Segment Open
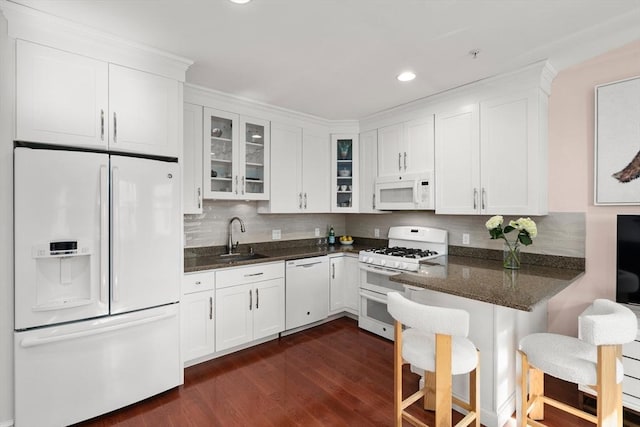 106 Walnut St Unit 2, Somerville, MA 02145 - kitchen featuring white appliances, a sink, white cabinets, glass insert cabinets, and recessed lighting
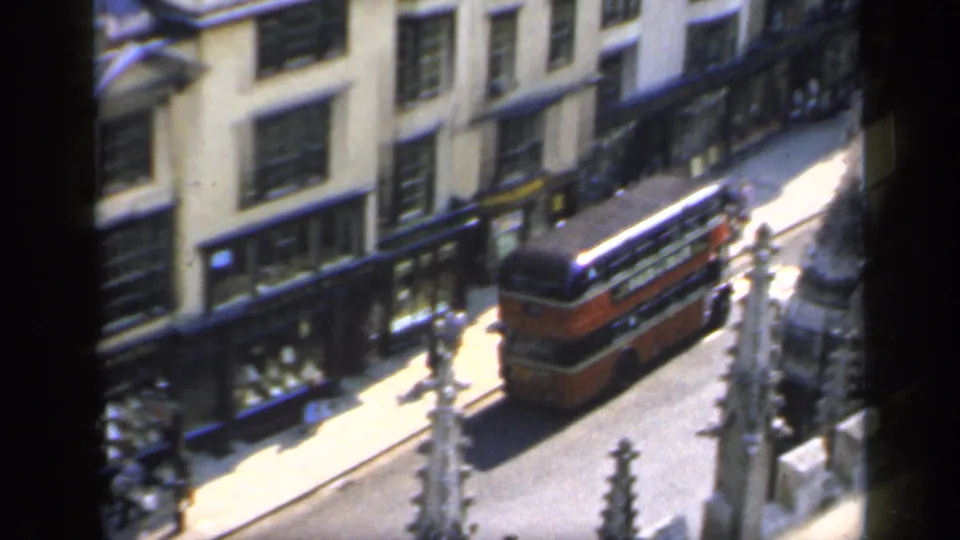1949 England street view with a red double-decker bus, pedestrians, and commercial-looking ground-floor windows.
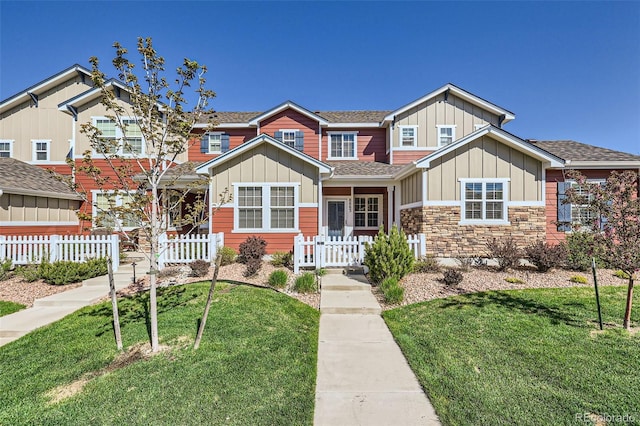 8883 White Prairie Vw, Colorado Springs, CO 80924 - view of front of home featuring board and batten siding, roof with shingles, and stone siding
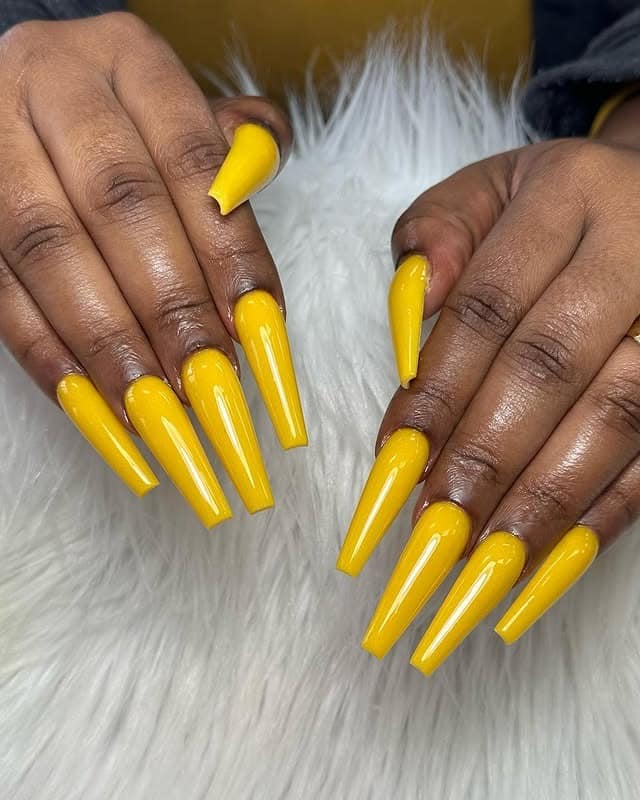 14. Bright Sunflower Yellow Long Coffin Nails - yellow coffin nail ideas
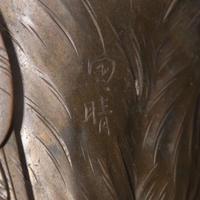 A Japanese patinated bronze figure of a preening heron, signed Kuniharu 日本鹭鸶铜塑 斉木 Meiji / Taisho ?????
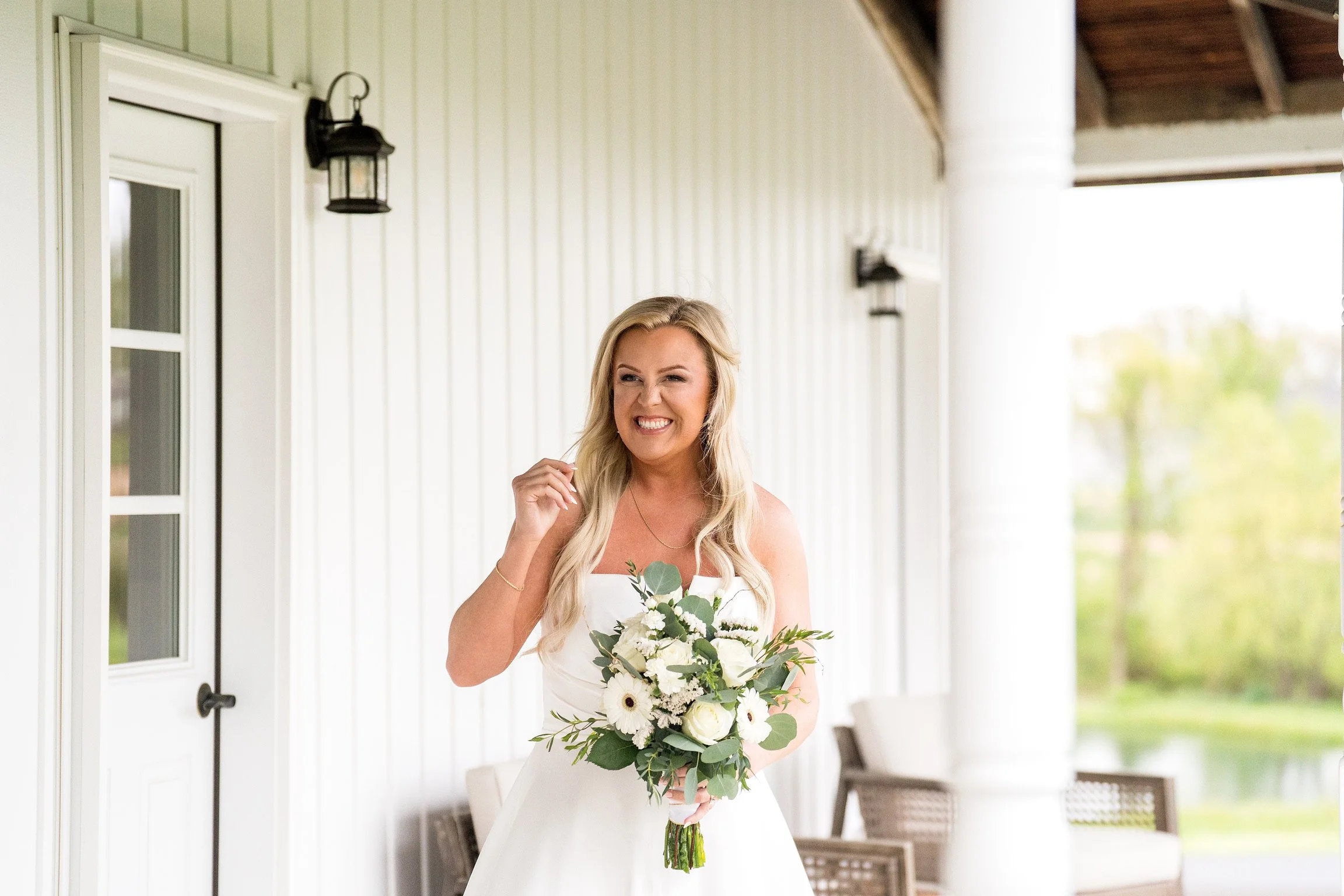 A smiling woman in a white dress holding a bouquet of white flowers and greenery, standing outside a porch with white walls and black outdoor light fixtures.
Segment Closed
Segment Open
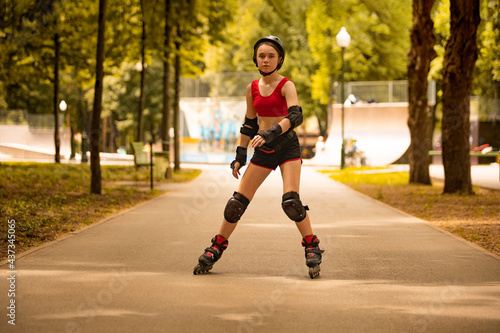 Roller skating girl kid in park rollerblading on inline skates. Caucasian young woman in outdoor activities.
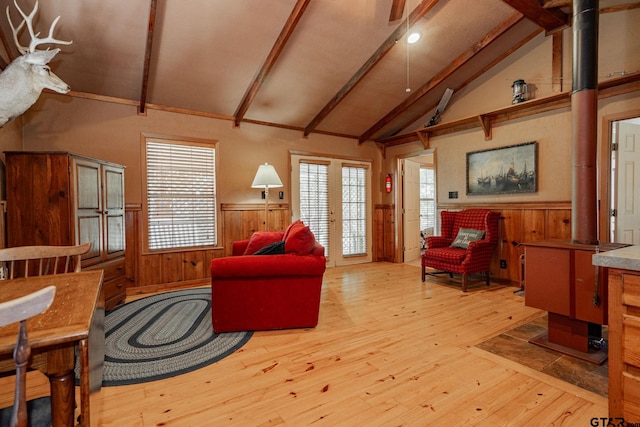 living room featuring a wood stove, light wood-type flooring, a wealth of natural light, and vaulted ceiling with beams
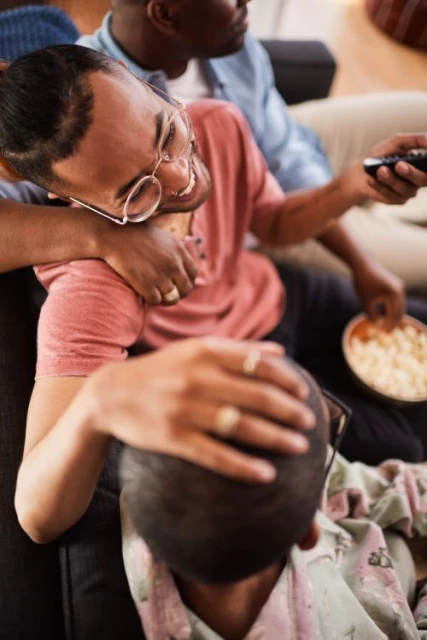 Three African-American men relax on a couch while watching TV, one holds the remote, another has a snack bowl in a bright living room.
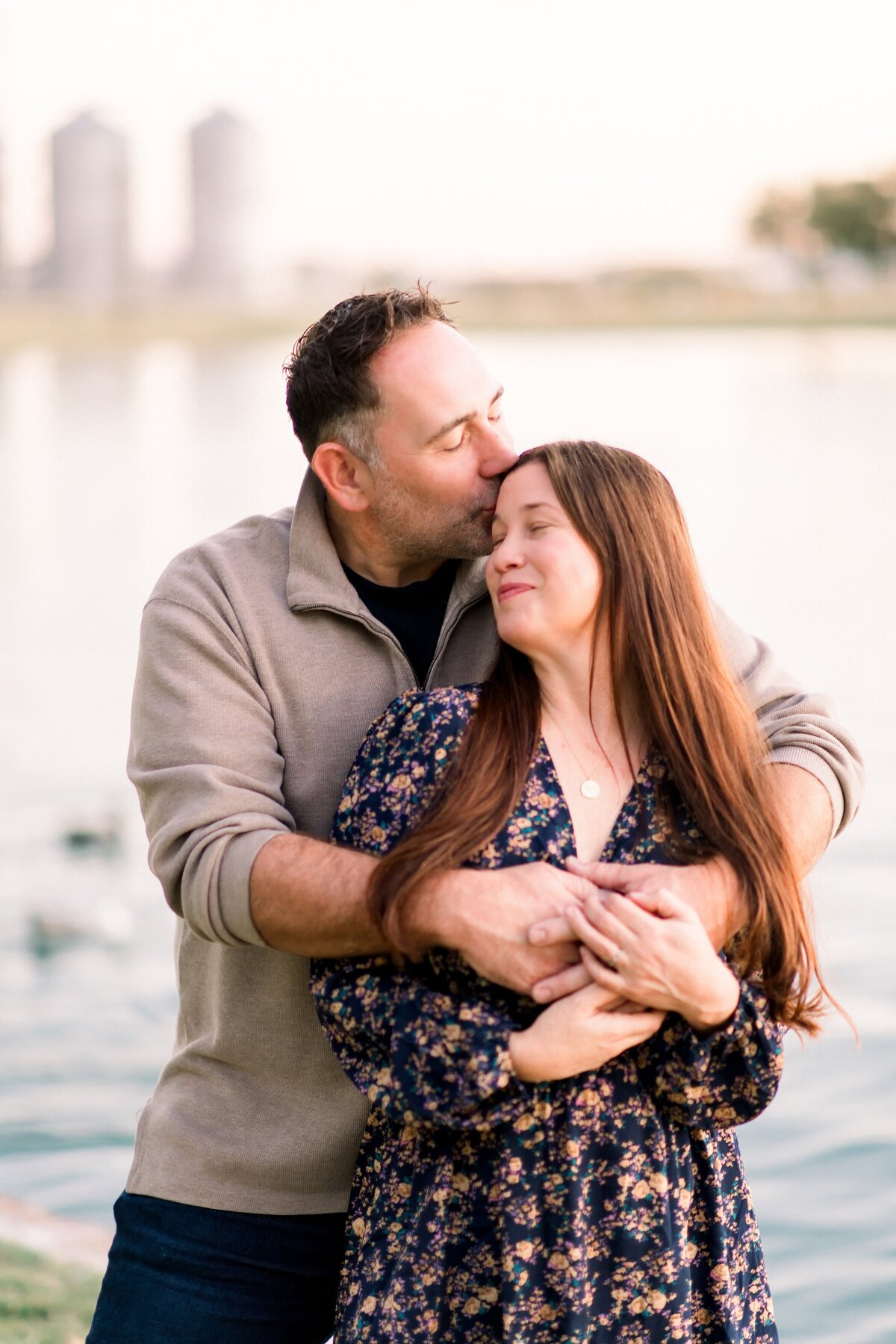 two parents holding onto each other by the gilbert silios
Segment Closed
Segment Open
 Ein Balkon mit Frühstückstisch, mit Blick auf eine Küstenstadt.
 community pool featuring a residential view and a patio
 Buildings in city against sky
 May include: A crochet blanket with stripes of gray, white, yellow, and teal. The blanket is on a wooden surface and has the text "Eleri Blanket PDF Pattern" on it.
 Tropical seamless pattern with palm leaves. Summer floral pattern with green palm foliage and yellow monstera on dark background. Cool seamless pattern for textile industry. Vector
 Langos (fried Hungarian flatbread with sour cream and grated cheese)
Segment Closed
- **DIRECTIONS FOR THIS TASK**
Pictures are to be left out. Write out only the lines above starting at the one with "Roller skating girl" and ending at the one with "two parents holding", both lines included, exactly.

- **THE COMPLETED TASK**
 Roller skating girl kid in park rollerblading on inline skates. Caucasian young woman in outdoor activities.
 living room featuring a wood stove, light wood-type flooring, a wealth of natural light, and vaulted ceiling with beams
 Three African-American men relax on a couch while watching TV, one holds the remote, another has a snack bowl in a bright living room.
 two parents holding onto each other by the gilbert silios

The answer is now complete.